Despite organizers’ claim that the rally was intended to “promote a people’s agenda stepping up grassroots mobilizations for economic and social justice and equality as the incoming Trump administration takes office,” the event offered no way forward for workers seeking to defend themselves against the attack on democratic rights and living standards being prepared by a Trump administration.
In the wake of the US presidential elections, tens of thousands of youth, professionals and working class people have taken to the streets protesting the election of Trump. High school students have staged mass walkouts throughout the country in recent days.
Speakers at the event made few direct references to Trump, instead seeking desperately to bolster illusions in the Democratic Party. In various trade union functionaries’ speeches, Trump’s election victory was portrayed as something potentially beneficial. Numerous speakers touted the president-elect’s right-wing nationalist opposition to the Trans-Pacific Partnership (TPP) deal, a view that is shared by the trade unions.
In the social media description of the event, the organizers declare “months of protests by labor and progressive organizations… culminated in the opposition to the trade deal by all three leading Presidential candidates.”
This perspective was captured most grotesquely by former-Communications Workers of America president and representative of Sanders’s “Our Revolution” organization, Larry Cohen. Jumping up and down hysterically, Cohen declared, “we need to celebrate in dark times. This is a victory!”
Several trade union representatives declared that “progressives” and the “labor movement” needed to “stick together” going forward. This was stated without a hint of irony under conditions where the trade union apparatus in multiple industries has organized the isolation and sellout of strikes by sections of the working class throughout the US.
Sanders began his speech by reminding audience members “not to forget” that Trump had lost the popular vote to Hillary Clinton. “Trump won for a number of reasons,” Sanders said, noting the various aspects of the economic and social crisis in America.
“The future of the Democratic Party must be rectified [and] it is time for a new direction,” said Sanders. He said he supported the nomination of Minnesota Democrat Keith Ellison as the new chair of the Democratic National Committee. Sanders himself has been recently elevated to the leadership of the Democratic caucus in the US Senate.

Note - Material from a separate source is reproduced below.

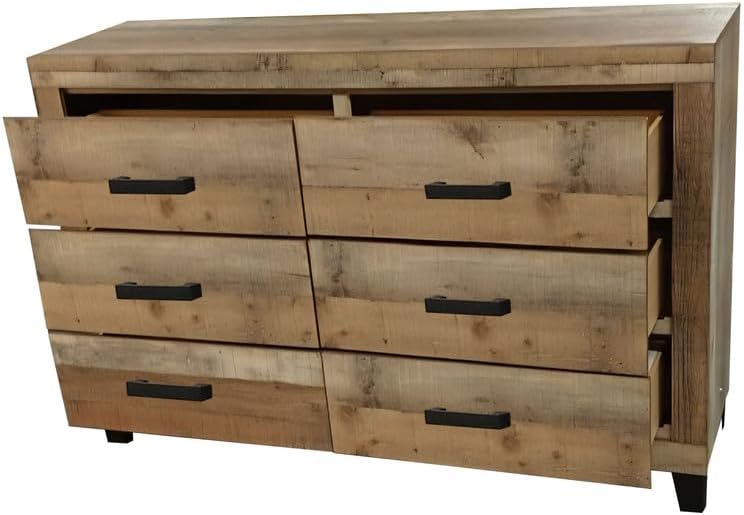 Best Quality Furniture 4 Piece Weathered Brown Pine Wood Bedroom Set in Queen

The claim that the Democratic Party is capable of being moved to the left is disproven by the results of Sanders’s own failed presidential run. After gaining the support of millions with his calls for “political revolution” against the “billionaire class,” Sanders pivoted to backing Clinton, the chosen candidate of Wall Street and the military-intelligence agencies.
Sanders said nothing of his attempts to present the Wall Street servant Clinton as the continuation of his “political revolution against the billionaire class” in his speech.
Sanders sought to stoke illusions in the new administration, declaring demagogically “people thought Trump would stand up to the establishment… He won’t, but we will.” Sanders stated that Trump had been “dangerously wrong” on issues such as climate change, before urging the president-elect to pay more attention to “the scientific community” and less to “the fossil fuel industry.”
The notion that a Trump administration can be pressured to adopt “progressive” policy positions is to sow fatal illusions about the real character of a Trump presidency. A hint of what Trump is preparing to do was given just days before, when Milwaukee County Sheriff David Clarke, an avid Trump supporter and prospect for a top position in his cabinet, accused anti-Trump protesters of causing “riots” and advocated for the use of “ALL non lethal force” against them.
Despite the event’s claim to promote “an agenda for stepping up grassroots mobilizations,” not a single speaker bothered to make a reference to the mass anti-Trump protests occurring in cities throughout the US. The refusal of the Democratic Party and trade union establishment to support the protests is of a piece with efforts to legitimize the Trump “transition to power” while containing popular hostility to the election’s outcome.
Reporters from the World Socialist Web Site spoke to Jessica, who had attended the event. “I was a Sanders supporter during the primaries. I honestly think if he had won [the election] America would not be in the situation we are in right now,” she said.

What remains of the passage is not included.